• [Task prompt] Which lines of the records contain the word "Front"? Show each of them.

--- Data to use ---

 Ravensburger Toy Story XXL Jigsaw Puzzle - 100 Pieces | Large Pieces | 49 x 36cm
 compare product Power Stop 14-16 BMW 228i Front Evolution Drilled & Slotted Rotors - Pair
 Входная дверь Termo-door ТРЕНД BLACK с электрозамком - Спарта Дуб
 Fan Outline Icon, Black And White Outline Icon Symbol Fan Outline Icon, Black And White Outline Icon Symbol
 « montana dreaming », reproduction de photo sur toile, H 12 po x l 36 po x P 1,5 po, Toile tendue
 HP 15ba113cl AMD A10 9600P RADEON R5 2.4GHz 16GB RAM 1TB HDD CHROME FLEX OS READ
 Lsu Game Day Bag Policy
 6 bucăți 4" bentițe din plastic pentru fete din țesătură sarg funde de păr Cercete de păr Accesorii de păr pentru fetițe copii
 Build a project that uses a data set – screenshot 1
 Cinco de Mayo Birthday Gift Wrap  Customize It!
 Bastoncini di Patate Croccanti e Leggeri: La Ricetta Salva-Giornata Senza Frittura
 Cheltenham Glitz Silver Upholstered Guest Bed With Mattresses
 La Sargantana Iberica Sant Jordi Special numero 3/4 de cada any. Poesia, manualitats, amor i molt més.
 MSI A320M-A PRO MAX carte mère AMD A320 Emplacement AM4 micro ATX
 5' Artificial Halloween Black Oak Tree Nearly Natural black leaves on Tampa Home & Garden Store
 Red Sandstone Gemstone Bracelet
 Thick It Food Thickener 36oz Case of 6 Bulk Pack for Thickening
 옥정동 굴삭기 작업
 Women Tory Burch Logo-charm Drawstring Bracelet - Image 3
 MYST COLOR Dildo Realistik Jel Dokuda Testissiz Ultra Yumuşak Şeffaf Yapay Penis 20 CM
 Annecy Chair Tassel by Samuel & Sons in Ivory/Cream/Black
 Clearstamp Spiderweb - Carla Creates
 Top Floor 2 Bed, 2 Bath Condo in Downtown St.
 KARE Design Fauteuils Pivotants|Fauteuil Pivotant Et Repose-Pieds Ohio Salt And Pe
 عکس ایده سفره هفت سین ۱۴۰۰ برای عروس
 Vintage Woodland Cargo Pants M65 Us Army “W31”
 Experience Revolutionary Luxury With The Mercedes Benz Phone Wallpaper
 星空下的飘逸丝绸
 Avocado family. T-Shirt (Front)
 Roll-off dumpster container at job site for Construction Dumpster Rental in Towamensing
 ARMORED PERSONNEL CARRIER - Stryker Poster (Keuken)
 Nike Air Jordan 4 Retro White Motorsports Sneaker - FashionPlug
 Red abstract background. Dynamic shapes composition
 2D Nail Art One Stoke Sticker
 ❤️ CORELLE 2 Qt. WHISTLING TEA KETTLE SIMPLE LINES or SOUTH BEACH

---

• [Exercise result]
 compare product Power Stop 14-16 BMW 228i Front Evolution Drilled & Slotted Rotors - Pair
 Avocado family. T-Shirt (Front)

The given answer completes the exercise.